Abbas is also handling the internal tension in the Palestinian public and fierce opposition to his leadership by bringing Hamas into the political process through the back door. The Abbas-Mashal axis – despite deep-seated differences of opinion and public collisions between the two – makes Hamas into a potential partner for future negotiations with Israel.

Independent Palestinian progress to the second and third alternatives of the Abbas plan is liable to have further implications, reminiscent of those aired before Abbas made his November 2012 appeal to the Security Council. While it is highly unlikely that the United States will not veto a Security Council resolution instructing Israel to withdraw from the West Bank without a political agreement in place, a theoretical analysis cannot rule out a scenario in which, under certain circumstances, the PA, according to plan, manages to forge an anti-Israel diplomatic political front in the Security Council and a legal front against it in international tribunals.

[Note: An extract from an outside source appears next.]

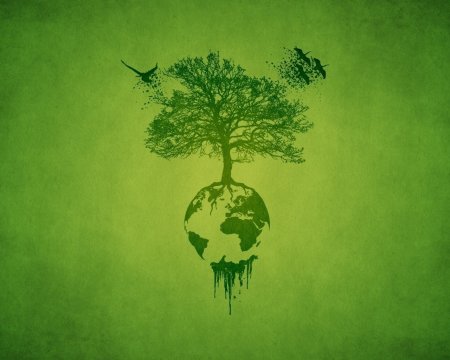 Экологический арт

In the absence of an agreed-upon setting, unilateral Palestinian progress is liable to result in the abrogation of the interim agreement (“Oslo II”) signed in 1995 and still applicable today; it is liable to allow the establishment of a state-sponsored Palestinian army and a unilateral declaration of East Jerusalem as the capital of the Palestinian state; and it is liable to change completely the international consensus on the status of Jewish settlement in Judea and Samaria, including the large settlement blocs, which in an agreement would almost certainly be within Israel’s borders in exchange for land swaps. There would undoubtedly also be unilateral Israeli counter moves.

To the extent that the Abbas-led Palestinian initiative gathers momentum, Israel will in the next few months be left with a difficult starting position for political moves, both vis-à-vis the Palestinians and the international community. Therefore, an Israeli initiative that manages to convey the drive to resolve the Arab-Israeli conflict based on a responsible, long term, sober view of Israel’s vital national interests could well balance the scales in advance of the coming political rounds.